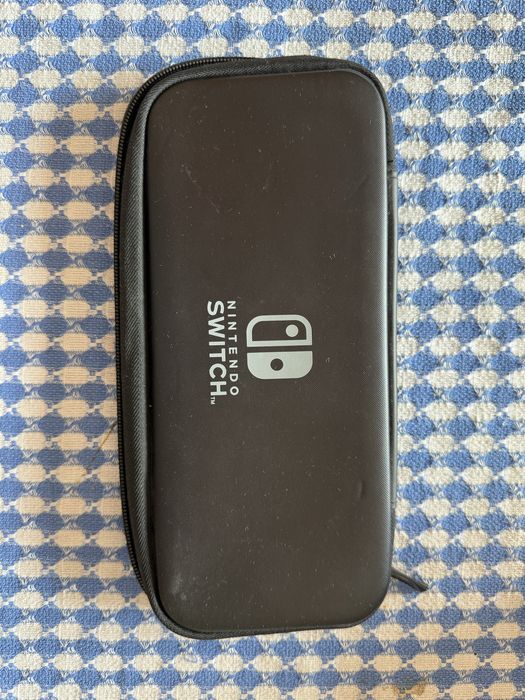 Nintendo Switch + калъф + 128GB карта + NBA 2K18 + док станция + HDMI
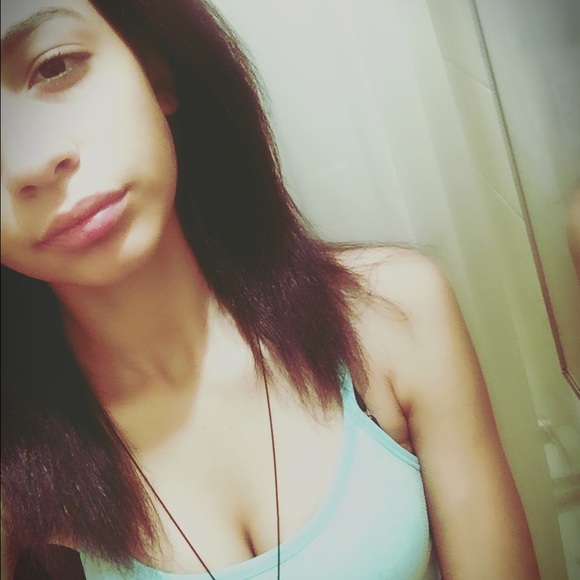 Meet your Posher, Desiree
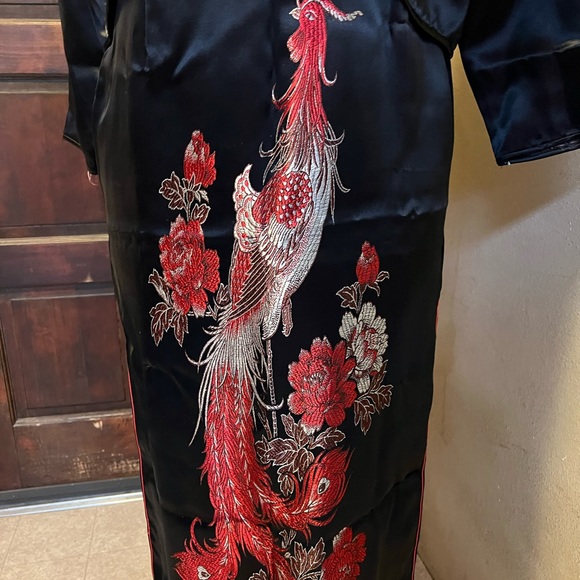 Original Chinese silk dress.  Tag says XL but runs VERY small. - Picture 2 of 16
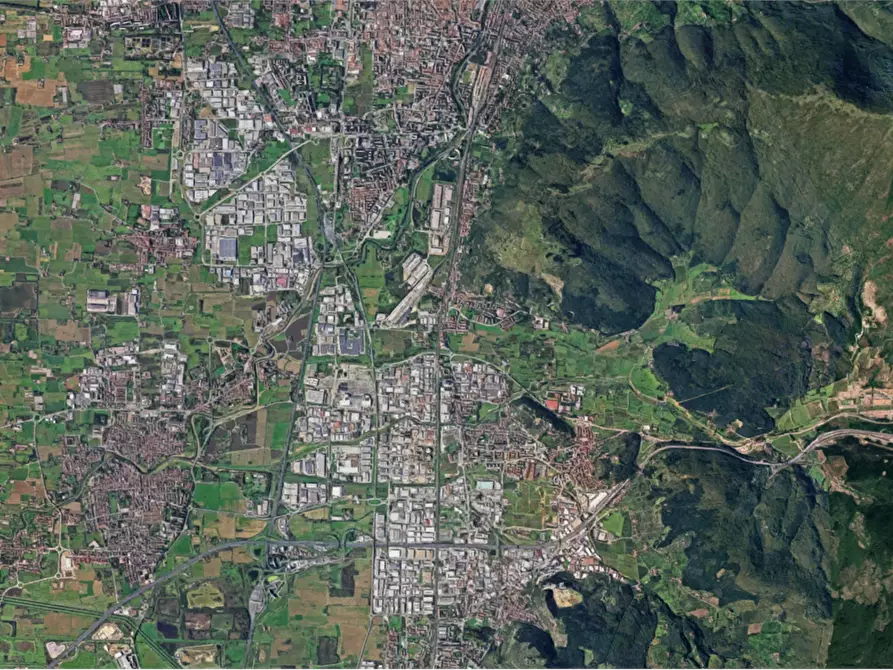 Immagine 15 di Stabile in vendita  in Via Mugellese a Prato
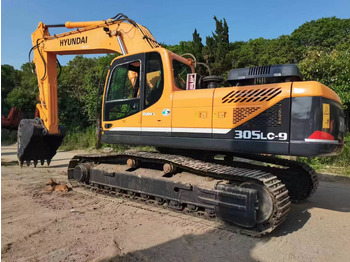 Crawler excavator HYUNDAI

........

What the task asks
Pictures do not belong in your copy; restate word for word the lines from the one containing "Original Chinese silk" through the last line of the records above.

Task output
 Original Chinese silk dress.  Tag says XL but runs VERY small. - Picture 2 of 16
 Immagine 15 di Stabile in vendita  in Via Mugellese a Prato
 Crawler excavator HYUNDAI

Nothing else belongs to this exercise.